Topology & Chaos Patterns

This page focuses on cluster manipulation: node control, chaos patterns, and what the tooling supports today.

Node control availability

  • Supported: restart/peer control via NodeControlHandle (compose runner).
  • Not supported: local runner does not expose node control; k8s runner does not support it yet.
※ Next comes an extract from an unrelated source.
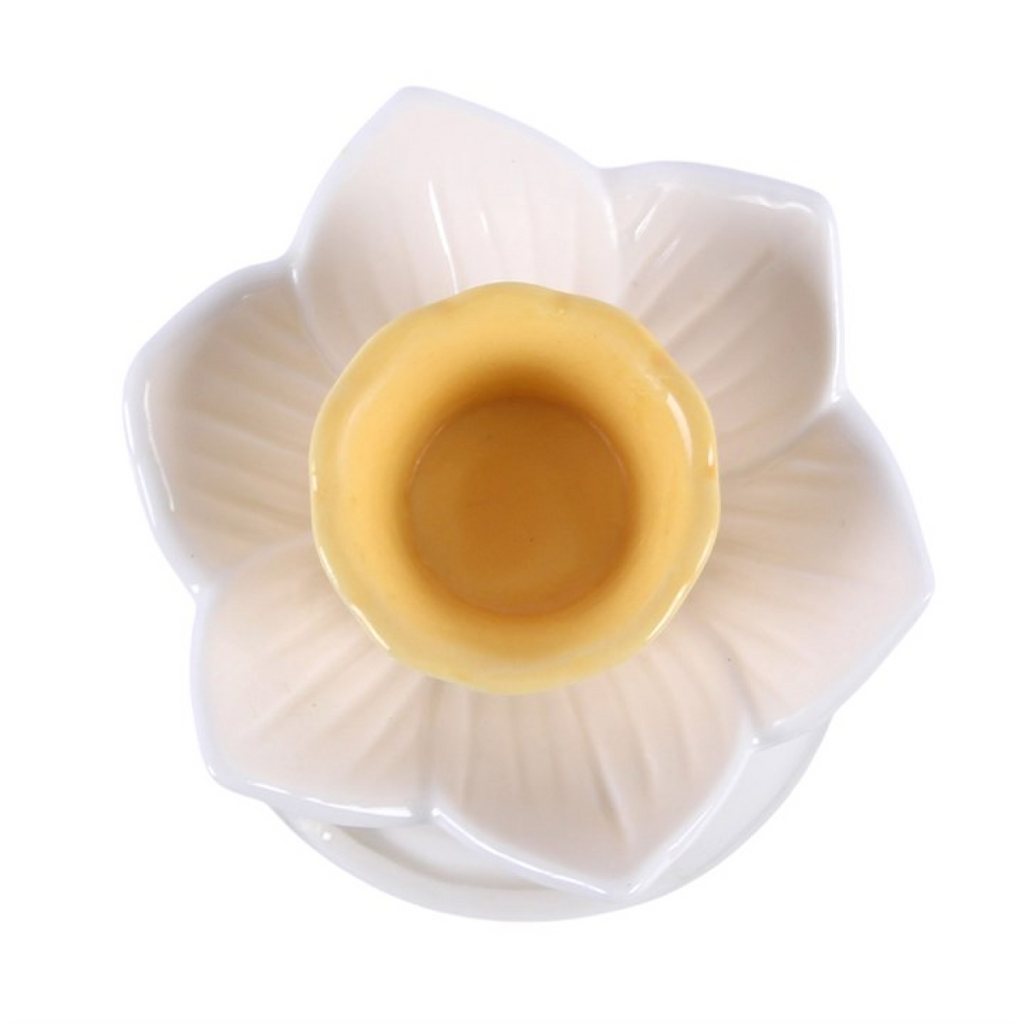 White Daffodil Oil Burner and Wax Warmer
Chaos patterns to consider

  • Restarts: random restarts with minimum delay/cooldown to test recovery.
  • Partitions: block/unblock peers to simulate partial isolation, then assert height convergence after healing.
  • Validator churn: stop one validator and start another (new key) mid-run to test membership changes; expect convergence.
  • Load SLOs: push tx/DA rates and assert inclusion/availability budgets instead of only liveness.
  • API probes: poll HTTP/RPC endpoints during chaos to ensure external contracts stay healthy (shape + latency).

Expectations to pair

  • Liveness/height convergence after chaos windows.
  • SLO checks: inclusion latency, DA responsiveness, API latency/shape.
  • Recovery checks: ensure nodes that were isolated or restarted catch up to cluster height within a timeout.

Guidance

  • Keep chaos realistic: avoid flapping or patterns you wouldn't operate in prod.
  • Scope chaos: choose validators vs executors intentionally; don't restart all nodes at once unless you're testing full outages.
  • Combine chaos with observability: capture block feed/metrics and API health so failures are diagnosable.